Alors, bien sûr, ce voyage n'avait pas d'autre but que me voir disparaître. Non pas, comme tu me l'avais expliqué, de tenter de résoudre nous même ce mystère de douze meurtres inexpliqués commis en deux années mais d'y ajouter un autre, surnuméraire, mais banal à cet endroit. Tu t'es faite griller au poteau et quand tu auras pris bientôt les fonctions qui auraient pu être les miennes, tu comprendras que tu m'aimais. C'est une vision prémonitoire sans doute que tu as eu car ce n'est pas moi que tu jettes de la falaise. Je crains que ce ne soit toi. A moins que tu acceptes un jour le départ de ton père.

Louis, Pierre, Henri qui te fait appeler Kévin. Je ne le savais pas. Que de secrets en toi ! Sous le masque de l'indéfectible copain tu as toujours voulu m'avoir. Au sens strict. Au point de me violer demain et me tuer ensuite. Si je n'y prends pas goût. Soit ! Je n'aurais pu que mourir.
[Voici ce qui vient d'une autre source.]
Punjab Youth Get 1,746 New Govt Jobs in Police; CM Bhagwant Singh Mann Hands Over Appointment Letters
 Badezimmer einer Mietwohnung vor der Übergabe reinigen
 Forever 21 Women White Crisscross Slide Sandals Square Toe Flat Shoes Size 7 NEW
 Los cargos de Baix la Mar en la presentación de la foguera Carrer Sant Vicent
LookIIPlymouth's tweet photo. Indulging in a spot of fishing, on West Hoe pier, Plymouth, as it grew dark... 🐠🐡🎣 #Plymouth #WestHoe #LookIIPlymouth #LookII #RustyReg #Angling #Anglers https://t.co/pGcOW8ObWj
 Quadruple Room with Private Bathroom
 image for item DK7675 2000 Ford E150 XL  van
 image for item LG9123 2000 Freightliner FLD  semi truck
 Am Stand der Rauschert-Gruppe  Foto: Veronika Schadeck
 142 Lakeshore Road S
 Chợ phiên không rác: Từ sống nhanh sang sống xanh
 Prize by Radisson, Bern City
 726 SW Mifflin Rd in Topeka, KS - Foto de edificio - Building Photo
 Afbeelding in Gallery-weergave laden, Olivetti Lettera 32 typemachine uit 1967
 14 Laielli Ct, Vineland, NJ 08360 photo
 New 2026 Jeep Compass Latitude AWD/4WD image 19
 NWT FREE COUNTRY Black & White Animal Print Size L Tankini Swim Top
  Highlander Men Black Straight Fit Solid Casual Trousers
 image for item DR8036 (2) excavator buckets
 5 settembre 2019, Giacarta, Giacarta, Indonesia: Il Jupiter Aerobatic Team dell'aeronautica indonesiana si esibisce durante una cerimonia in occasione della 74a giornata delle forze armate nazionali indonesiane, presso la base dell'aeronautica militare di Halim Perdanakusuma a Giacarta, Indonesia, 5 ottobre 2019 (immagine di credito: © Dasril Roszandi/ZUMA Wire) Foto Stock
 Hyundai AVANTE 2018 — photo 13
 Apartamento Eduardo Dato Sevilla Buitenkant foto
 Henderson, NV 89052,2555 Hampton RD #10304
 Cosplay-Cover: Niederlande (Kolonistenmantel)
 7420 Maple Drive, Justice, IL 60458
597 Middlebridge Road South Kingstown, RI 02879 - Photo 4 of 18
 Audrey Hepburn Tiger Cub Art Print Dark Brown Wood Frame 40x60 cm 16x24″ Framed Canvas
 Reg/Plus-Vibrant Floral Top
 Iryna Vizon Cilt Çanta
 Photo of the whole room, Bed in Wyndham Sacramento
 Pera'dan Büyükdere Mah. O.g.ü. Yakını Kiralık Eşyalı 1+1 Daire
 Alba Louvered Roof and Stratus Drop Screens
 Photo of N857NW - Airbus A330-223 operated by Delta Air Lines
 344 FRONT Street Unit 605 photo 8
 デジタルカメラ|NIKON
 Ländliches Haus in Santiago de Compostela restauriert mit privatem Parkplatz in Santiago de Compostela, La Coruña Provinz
Sans doute es-tu le seul à regretter la perte prématurée de ma vie. Je te vois qui reluque maintenant de mon corps cette intimité qui te nargue. Qu'est ce qui m'attache à toi ? Comment ais-je pu lier un temps mon existence à la tienne ? Je crois que j'ai pris ton désir pour un amour impossible, compréhensif et platonique auquel je n'aurais jamais cédé mais qu'il me plaisait d'éprouver.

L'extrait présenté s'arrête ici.